Después de adquirir una amplísima experiencia diseñando para varias marcas de moda, Andrés decidió liarse la manta a la cabeza y montar su propia empresa, vertebrada por una idea muy sencilla: diseñar y producir colecciones de joyería inspiradas en la porcelana antigua. Sus primeros diseños surgieron precisamente reciclando figuritas pasadas de moda y engarzándolas en monturas elegantemente diseñadas. El resultado final, muy delicado, un poco kitsch, llamaba la atención porque no se parecía a nada que otros diseñadores estuvieran haciendo. Era, y es, moderno, personal y de altísima calidad.
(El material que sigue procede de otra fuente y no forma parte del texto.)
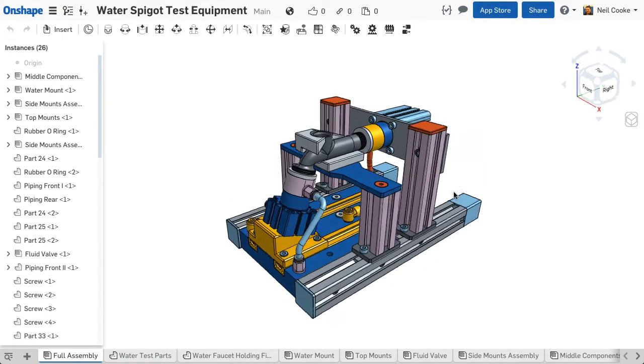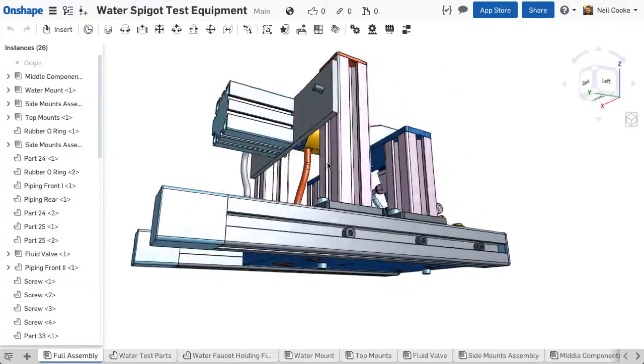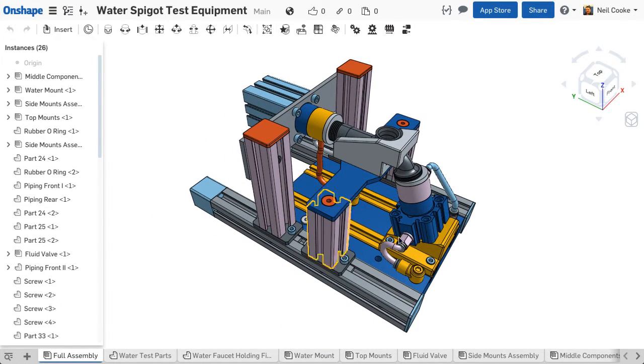If you now hold down the ALT key while dragging, the Z axis of your model will remain vertical with respect to the screen, giving you a turntable style effect and making it easier to get alternate isometric views.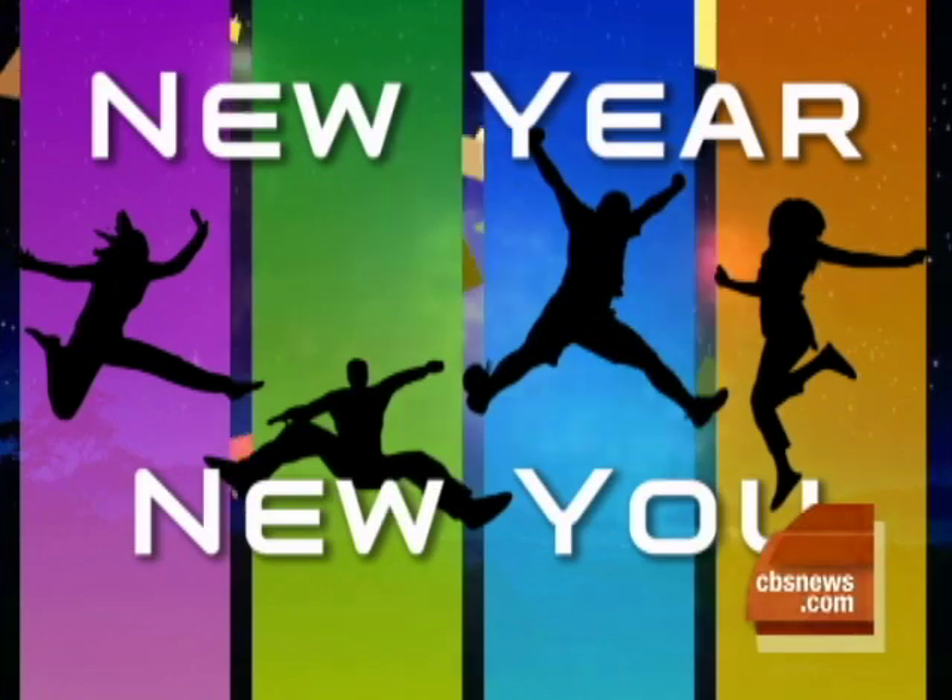This morning in our continuing series, New Year, New You, an inexpensive boot camp workout at home. Back with us is Alden Mills, former Navy SEAL who is now a fitness trainer.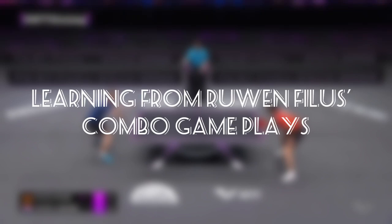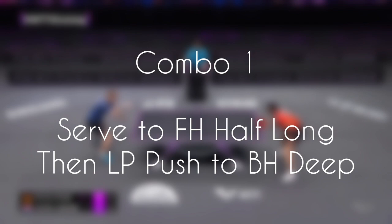In this video we focus on Reuben Phyllis's combo gameplays. I got four combos examined.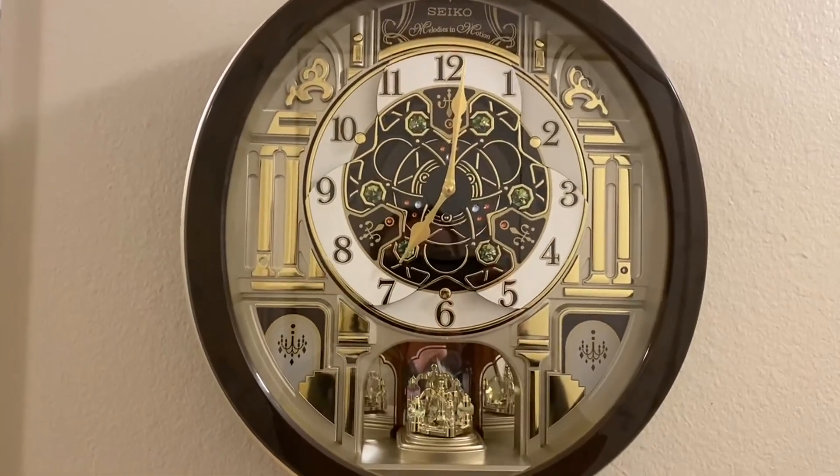Upon the hour, a melody will chime and the whole clock will kind of rotate as the melody plays. And as it completes, the clock will go back together. You can see the area around the one, the three, the five, the seven — you see the little curves. That's where the clock kind of comes apart and rotates as the melody is playing.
Y así, a golpe de porcelana y de trabajo, Andrés Gallardo ha ido haciéndose con un puñado de puntos de distribución y consiguiendo que lo mejorcito de Madrid y de parte del extranjero luzca collares con ejemplares de un bestiario a medio camino entre lo decorativo, lo iconográfico y lo fantástico. Sin grandes alardes mediáticos, sin showroom en la calle Argensola y sin quemar a la gente.
Y de repente, una mañana, nos encontramos esto: una de las imágenes que más felices nos podían hacer. Lana del Rey, en la portada del S Moda, luciendo uno de los collares más bonitos que hemos visto en años. Una artista que, guste más o menos, es infinitamente más interesante que la gran mayoría de cantantes de su generación, y la obra de un diseñador que es la demostración viva de que las cosas pueden hacerse bien. Esta imagen nos llena de orgullo (hace mucho que creemos ciegamente en el talento de Andrés), y no sólo eso. Ojalá sea el principio de más cosas. Y ojalá, en estos tiempos aciagos, el trabajo de Andrés Gallardo sirva para mantener en marcha el verdadero motor de la moda: la capacidad de soñar.
Escribe, Mariano José de Farra | ilustra, Pitina Caleya

Me haría una camiseta con esa ilustración maravillosa…
Me has dado una idea….yo también quiero!